Data to examine:
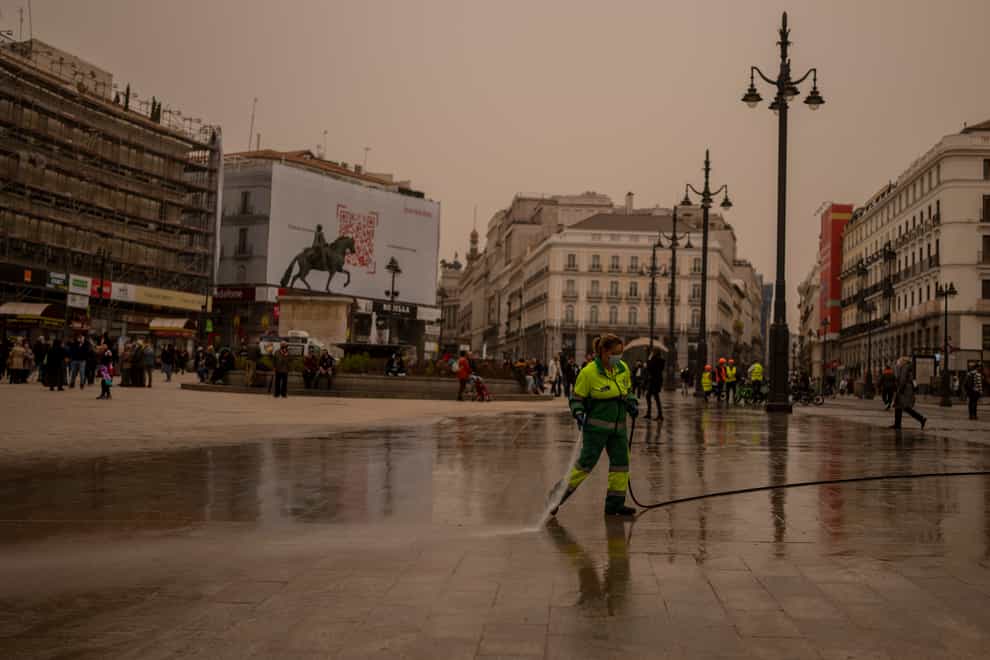 A worker cleans the dust from the Sahara desert in Sol square in Madrid, Spain (Manu Fernandez/AP)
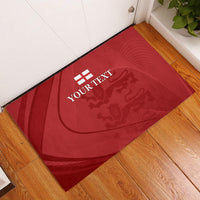 Red rubber doormat with YOUR TEXT and lion crest design, placed on wood floor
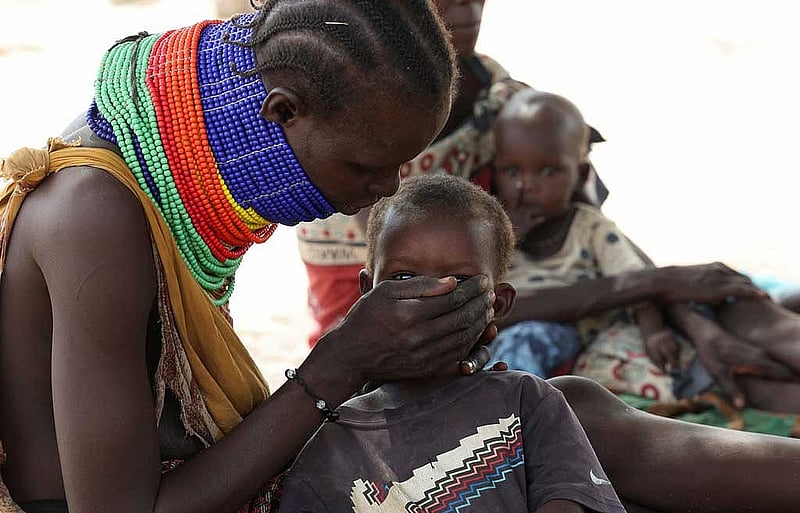 A Turkana woman sits with her child as they wait for malnutrition screening in Lomolem village, Turkana County, Kenya, Oct 29, 2025. REUTERS/Monicah Mwangi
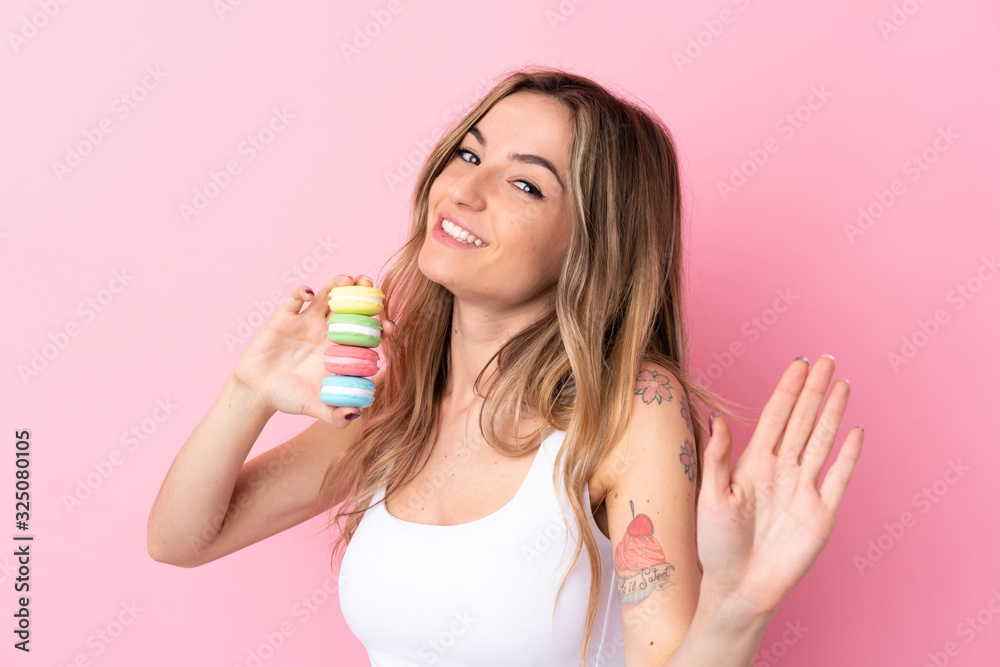 Young woman with macarons over isolated pink background saluting with hand with happy expression Young woman with macarons over isolated pink background saluting with hand with happy expression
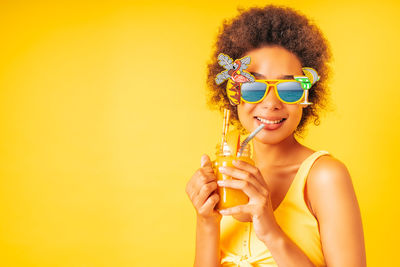Portrait of smiling young woman wearing sunglasses against yellow background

Task goal:
Could you set down the material above word for word while dropping its pictures?

Answer:
 A worker cleans the dust from the Sahara desert in Sol square in Madrid, Spain (Manu Fernandez/AP)
 Red rubber doormat with YOUR TEXT and lion crest design, placed on wood floor
 A Turkana woman sits with her child as they wait for malnutrition screening in Lomolem village, Turkana County, Kenya, Oct 29, 2025. REUTERS/Monicah Mwangi
 Young woman with macarons over isolated pink background saluting with hand with happy expression Young woman with macarons over isolated pink background saluting with hand with happy expression
Portrait of smiling young woman wearing sunglasses against yellow background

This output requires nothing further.